--- Task ---
Retype nothing except the lines below from the one with "5 piece 19th" through the one with "MEDICINA E POLITICA", exactly, with images left out.

--- Exercise materials ---
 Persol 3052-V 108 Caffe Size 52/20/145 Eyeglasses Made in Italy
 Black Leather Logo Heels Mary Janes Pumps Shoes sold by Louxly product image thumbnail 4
...
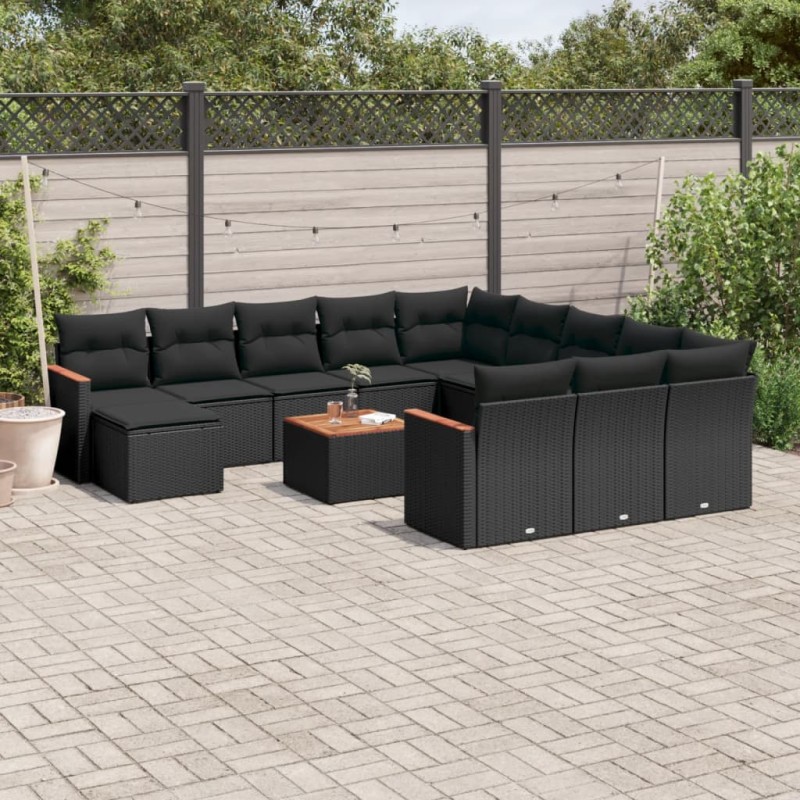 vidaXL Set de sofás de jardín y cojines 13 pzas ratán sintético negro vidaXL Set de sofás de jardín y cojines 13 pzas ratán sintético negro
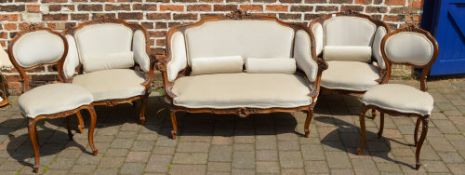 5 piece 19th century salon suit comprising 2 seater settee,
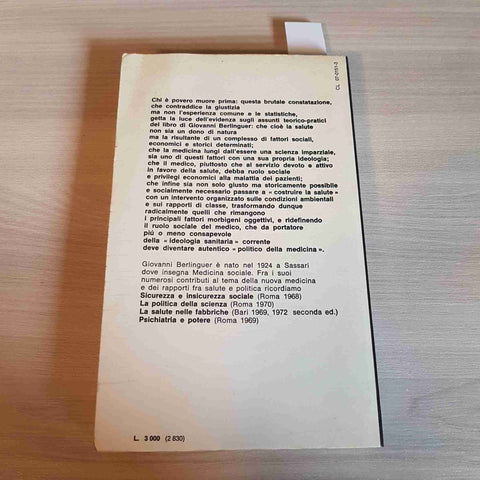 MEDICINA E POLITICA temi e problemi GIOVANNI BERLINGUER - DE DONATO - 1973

--- Your response ---
 5 piece 19th century salon suit comprising 2 seater settee,
 MEDICINA E POLITICA temi e problemi GIOVANNI BERLINGUER - DE DONATO - 1973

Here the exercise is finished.